Task goal: Retype each record below word for word. Leave the pictures out.

Records supplied:
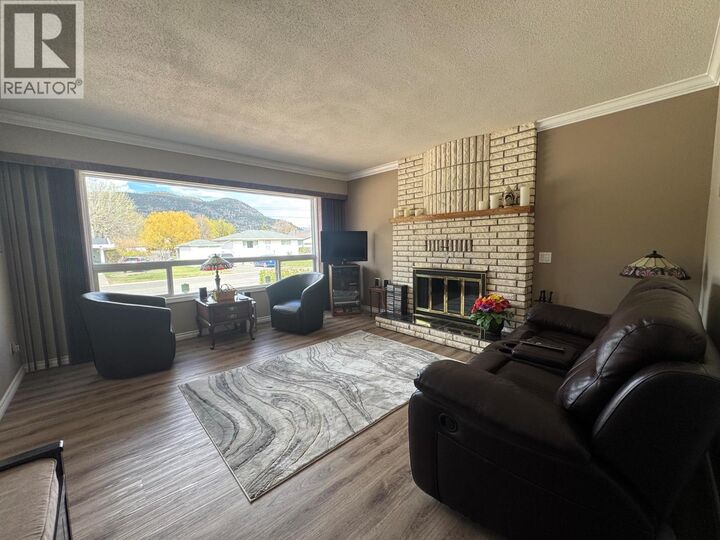 Photo de la propriété:  2176 Merritt Avenue  BC V1K 1B8 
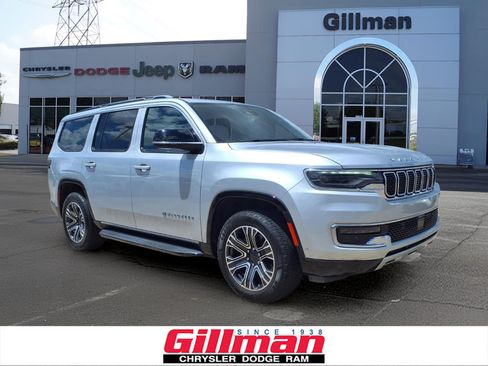 Used 2024 Jeep Wagoneer Series II w/ Flexible Seating Group RWD image 1
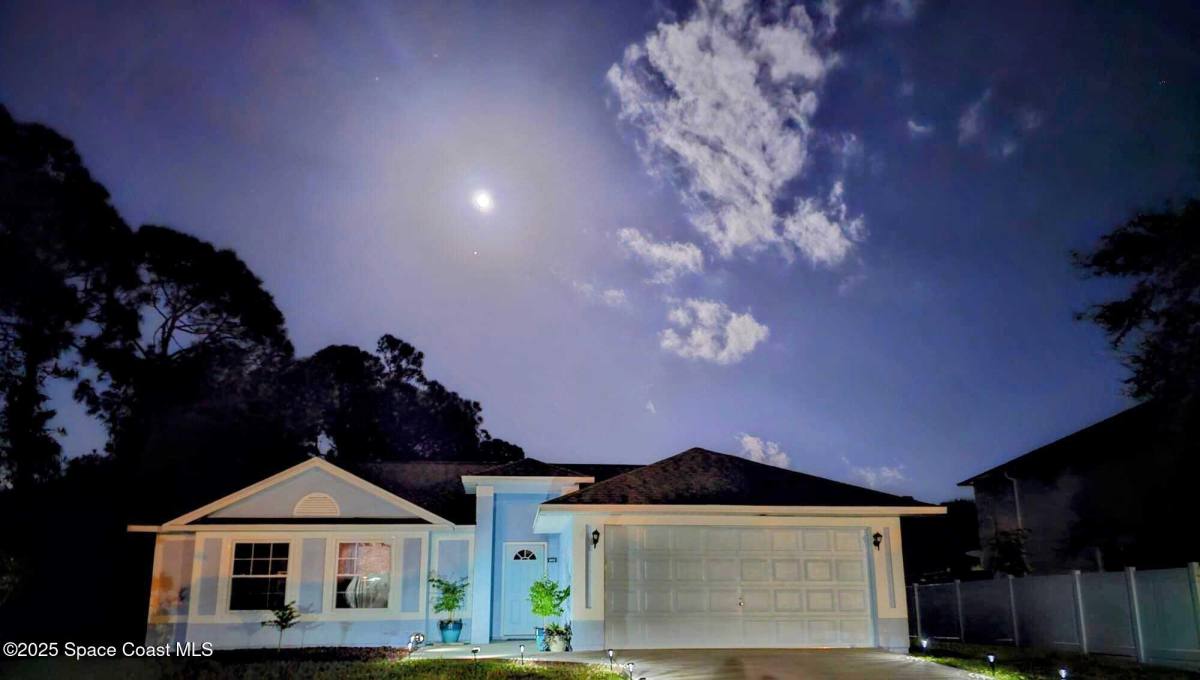 Apartment for rent at 759 Griffin Ave #759, Palm Bay, FL 32908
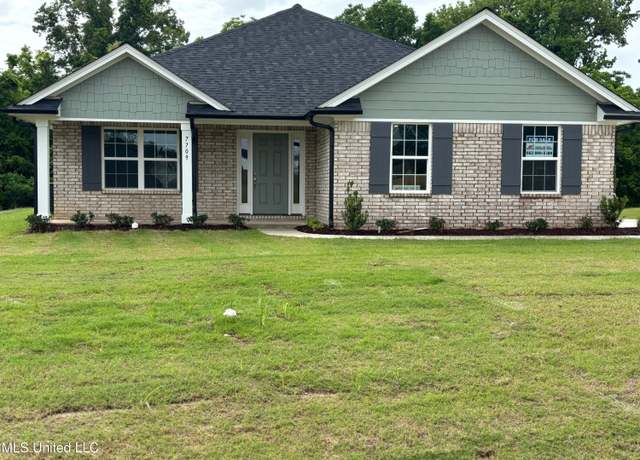 Property at 7709 Mary Mccoy Dr, Horn Lake, MS 38637, 4 beds, 3 baths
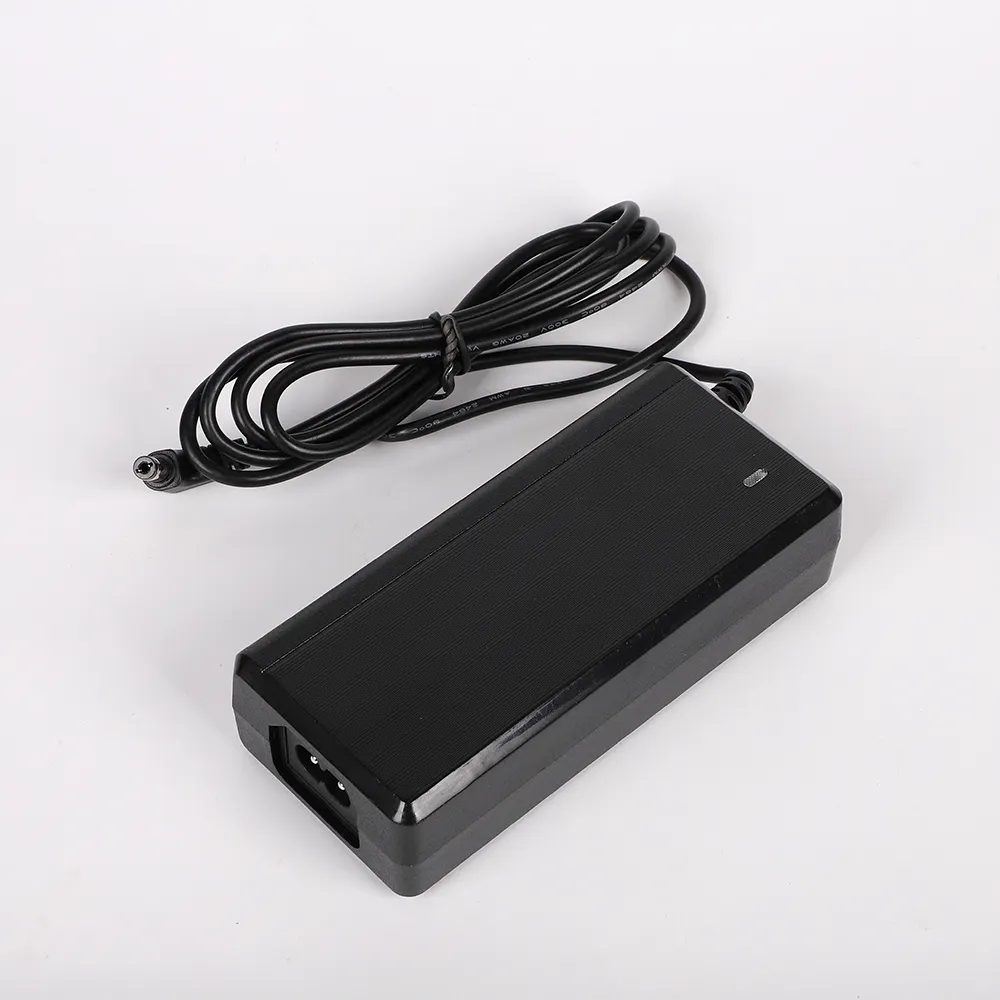 Free Sample Ac Dc Adaptor 12v 5a Power Adapter 12 Volt 5 Amp Power Supply For LED LCD CCTV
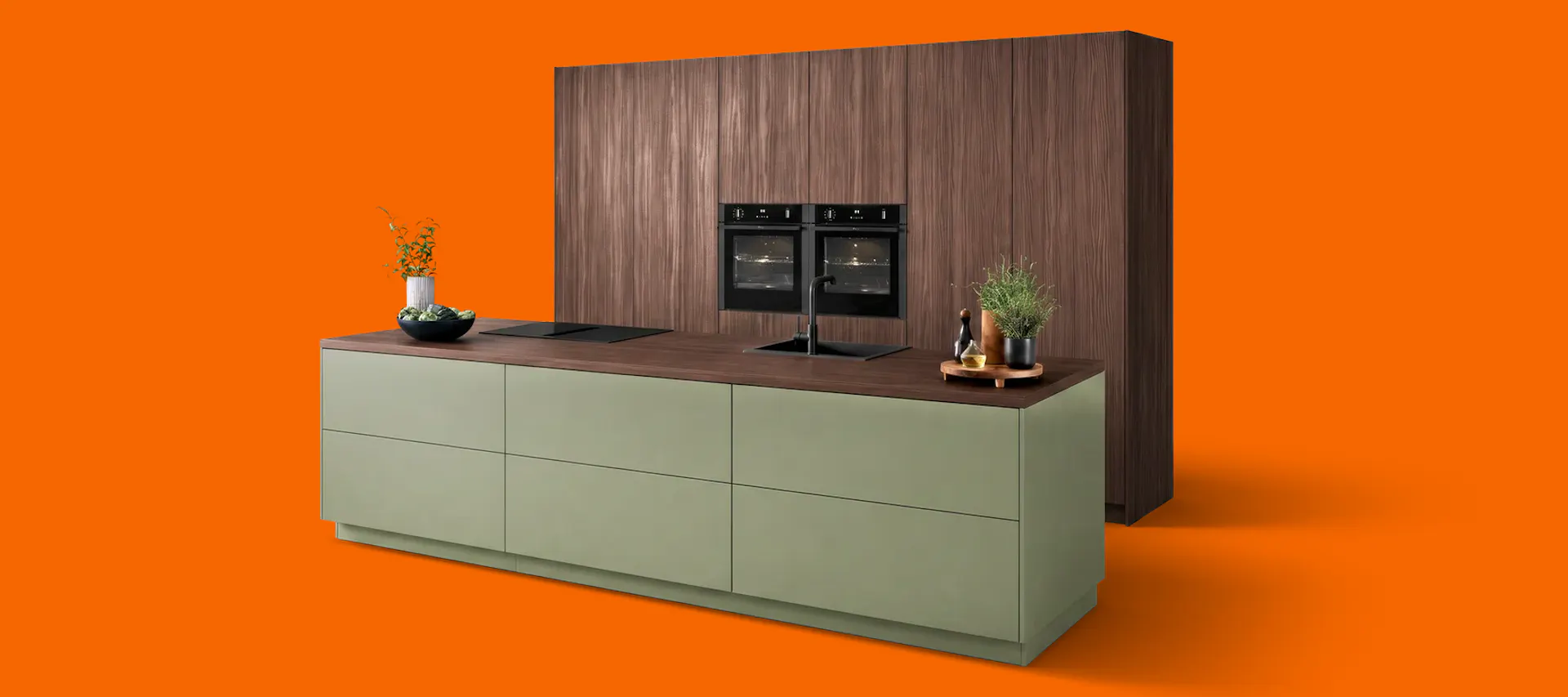Küche von OBI vor orangenem Hintergrund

Answer space:
 Photo de la propriété:  2176 Merritt Avenue  BC V1K 1B8 
 Used 2024 Jeep Wagoneer Series II w/ Flexible Seating Group RWD image 1
 Apartment for rent at 759 Griffin Ave #759, Palm Bay, FL 32908
 Property at 7709 Mary Mccoy Dr, Horn Lake, MS 38637, 4 beds, 3 baths
 Free Sample Ac Dc Adaptor 12v 5a Power Adapter 12 Volt 5 Amp Power Supply For LED LCD CCTV
Küche von OBI vor orangenem Hintergrund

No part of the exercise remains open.